Merkel gets rough ride at east German rally
17 August 2005, COTTBUS, GERMANY - Angela Merkel, the German opposition's chancellor candidate, got a rough ride at a rally Tuesday in eastern Germany's rust belt - but she kept her cool amid jeers, whistles and boos.
17 August 2005
COTTBUS, GERMANY - Angela Merkel, the German opposition's chancellor candidate, got a rough ride at a rally Tuesday in eastern Germany's rust belt - but she kept her cool amid jeers, whistles and boos.
"Go home! Go home!" yelled protesters as Merkel appeared on a stage in front of the city's communist-era convention hall.
The campaign stop in Cottbus, a city of 100,000 which borders moonscape brown coal strip mines and suffers 20 per cent unemployment, was never going to be easy for Merkel - especially given the strength of left-wing parties in the region.
"I am 91 years old and have voted for the left since I was 16 - I won't vote for Merkel because she's a Christian Democrat," declared Klaus Hagedorn, who used his walker to come to the rally which was attended by about 5,000 people.
Kerstin Weidner, 42 and unemployed, said she was undecided, but ruled out casting her ballot either for Merkel or Social Democratic Chancellor Gerhard Schroeder.
"If Merkel is elected they will cut our jobless benefits even more," said Weidner, adding that even though Merkel hails from eastern Germany she had betrayed her roots and could no longer be seen as an 'Ossi', or east German.
As beer flowed and sausages sizzled on grills in the hot, sunny August weather, Merkel plunged into a sober, issues-oriented speech.
At first, the yells and whistles grew louder.
After a few minutes, Merkel paused, smiled and then turned to a group which had hoisted a banner backing Schroeder.
"Whistling won't solve Germany's problems," Merkel told them. "Do you know the government is running up EUR 40 billion of debt this year?"
Things quieted down somewhat.
"Now, I want to talk very seriously to you about jobs.

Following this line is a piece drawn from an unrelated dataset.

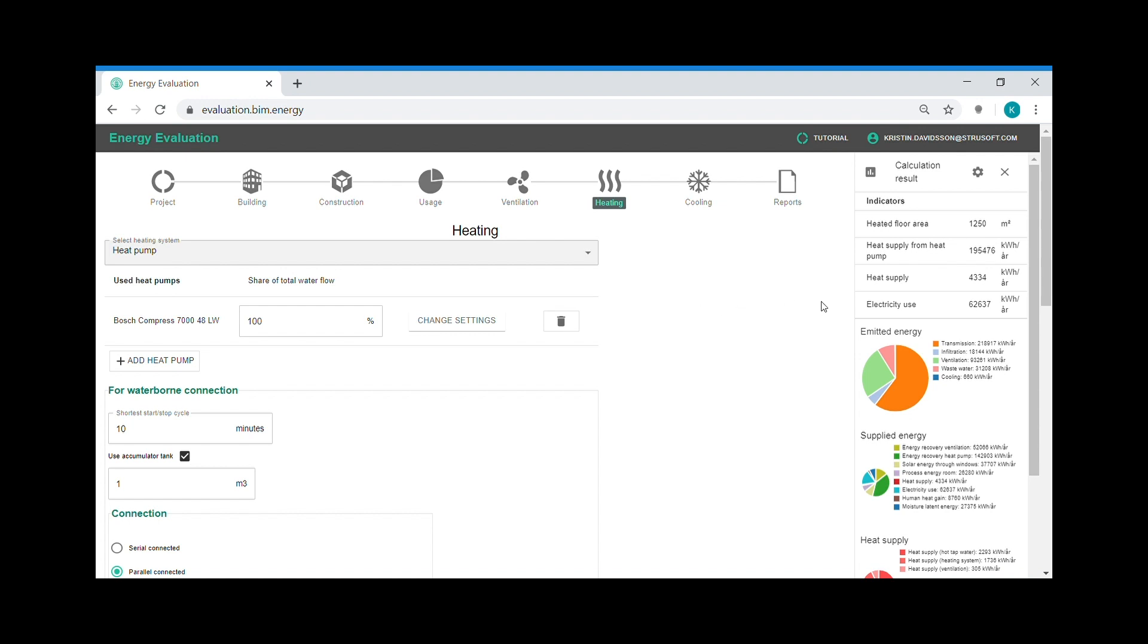And based on these buildings that I have in my project, one report is created for each building. So I can evaluate and examine the results separately.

We have 5 million unemployed in Germany," said the candidate.
Merkel told the crowd she knew cuts to jobless benefits, approved both by her opposition Christian Democratic alliance (CDU/CSU) and Schroeder's government, were tough.
But she drew applause by contrasting the higher amount of money still received by some unemployed in comparison to people working for lower-income jobs.
"We have to make sure that those working earn more than those who get benefits," said Merkel.
High German unemployment - the top issue in this bitterly fought campaign in the run-up to September 18 elections - was not because wages were too high, stressed Merkel.
The problem is that non-wage labour costs were pricing German workers out of the market, she argued. Employers must pick up the bill for half of health insurance costs and a series of other social welfare entitlements.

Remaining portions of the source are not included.